AI Platform Development Engineer

Location United States of America
Contact name: Sam Jacobs

Contact email: sam@deepabacus.com
Job ref: 99
Published: 17 days ago

Company

  • Global disruptor in Autonomy space raising the industry standard for drones.

  • Products have been received a multitude of prestigious awards.

  • Growing exponentially with opportunity to gain meaningful equity in lead up to IPO phase.

What you'll do

  • Responsible for AI framework and training optimization in cloud.

  • Design and implement the state of the art deep learning platforms for distributed training and inference at large scale.

  • Develop reliable, scalable and easy to use components to improve deep learning infra user experience and productivity.

  • Deep dive into the root cause of deep learning infra failures and design clean solutions to improve infra stability.

  • Profile deep learning training code to understand the performance bottleneck and figure out solutions to improve the performance.

  • Work closely with cross-functional teams to deliver new features on time with high quality.

What you'll need to succeed

Must have:

  • Master or Doctoral degree, more than 3 years of deep learning platform development, MLOps dev experience.

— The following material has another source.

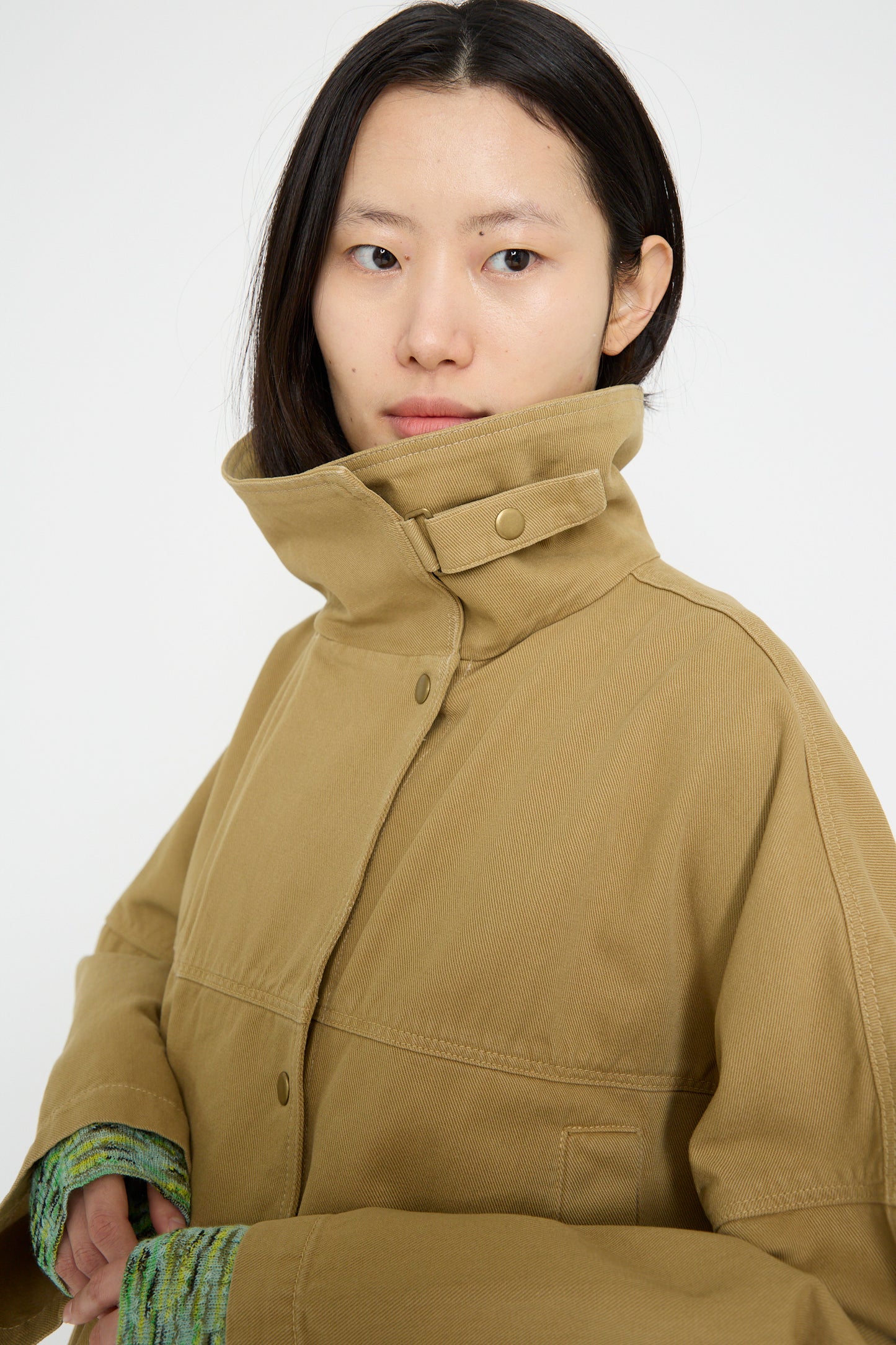 The person is wearing a Vansire Jacket in Olive by Rachel Comey, featuring a boxy fit with a high collar, looking to the side against a plain background.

  • Development experience of large-scale distributed training of deep learning models in computer vision on GPU cluster and have experience in training efficiency optimization.

  • Deep understanding of internals of deep learning framework such as Pytorch.

  • Experience in GPU acceleration in distributed training and model deployment.

  • Familiar C++/Go/Python/Java programming language.

  Nice to have: 

  • Had ML infra/ML tooling experience in robotics field such as autonomous driving.